====== The data ======

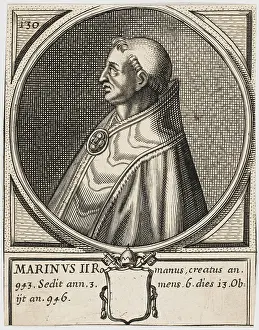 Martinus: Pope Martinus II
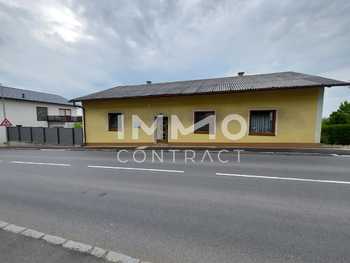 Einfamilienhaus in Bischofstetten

======
====== The data ======

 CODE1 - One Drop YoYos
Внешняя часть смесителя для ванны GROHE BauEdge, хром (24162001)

======
====== The data ======

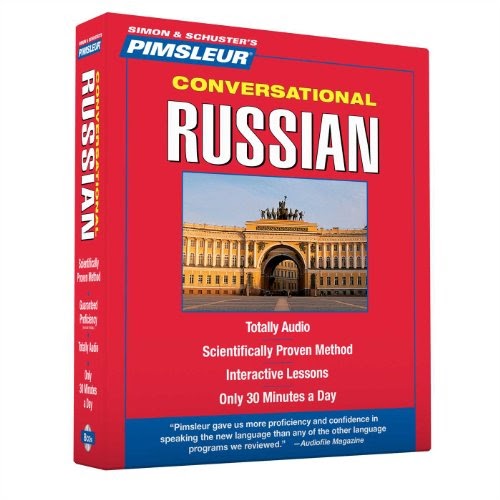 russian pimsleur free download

======

#### Problem description
Only the lines above starting with the one with "CODE1 - One Drop YoYos" and going through the one with "Внешняя часть смесителя" are to be copied, word for word and with both ends kept.

#### Reply to the exercise
 CODE1 - One Drop YoYos
Внешняя часть смесителя для ванны GROHE BauEdge, хром (24162001)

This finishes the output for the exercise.